Choosing the Right Algorithm
| Algorithm | Strengths | Weaknesses | Best For |
|---|---|---|---|
| Decision Tree | Interpretable, fast | Overfits easily | Explainable decisions |
| Random Forest | Robust, feature ranking | Slower, less transparent | General-purpose |
| SVM | Strong with small data | Slow on large datasets | High-dimensional data |
models = {
"Decision Tree": DecisionTreeClassifier(max_depth=5, random_state=42),
"Random Forest": RandomForestClassifier(n_estimators=100, random_state=42),
"SVM (RBF)": SVC(kernel="rbf", random_state=42)
}
for name, model in models.items():
if "SVM" in name:
model.fit(X_train_scaled, y_train)
score = accuracy_score(y_test, model.predict(X_test_scaled))
else:
model.fit(X_train, y_train)
score = accuracy_score(y_test, model.predict(X_test))
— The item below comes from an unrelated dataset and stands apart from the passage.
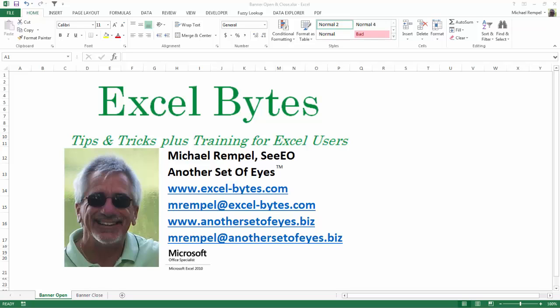Hello everyone, Mike Rempel from Another Set of Eyes with today's Excel Bytes blog post. The last two posts I've done have been about filtering in Excel and I'm going to complete that hat trick today.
print(f"{name}: {score:.3f}")
Practical Example: Automatically Classifying Produced Part Quality
A metal stamping factory inspects parts using four sensor measurements and wants to automate pass/fail decisions.
np.random.seed(42)
n = 2000
df = pd.DataFrame({
"thickness_mm": np.random.normal(3.00, 0.10, n),
"hardness_hrc": np.random.normal(58, 2, n),
"surface_roughness_um": np.random.exponential(1.5, n),
"press_force_kn": np.random.normal(500, 30, n)
})
df["quality"] = "pass"
df.loc[df["thickness_mm"] < 2.80, "quality"] = "fail"
df.loc[df["thickness_mm"] > 3.20, "quality"] = "fail"
df.loc[df["hardness_hrc"] < 54, "quality"] = "fail"
df.loc[df["surface_roughness_um"] > 4.0, "quality"] = "fail"
X = df.drop("quality", axis=1)
y = df["quality"]
X_train, X_test, y_train, y_test = train_test_split(X, y, test_size=0.2,
random_state=42)
clf = RandomForestClassifier(n_estimators=200, max_depth=8, random_state=42)
clf.fit(X_train, y_train)
y_pred = clf.predict(X_test)
print(classification_report(y_test, y_pred))
Summary
In this lesson you learned three classification algorithms for industrial applications. Decision Trees provide transparent decisions. Random Forests combine many trees for robust predictions and feature importance. SVMs find optimal boundaries with scaled features. You compared all three and applied Random Forest to automate quality inspection. In the next lesson, you will explore unsupervised learning with clustering, where data has no labels.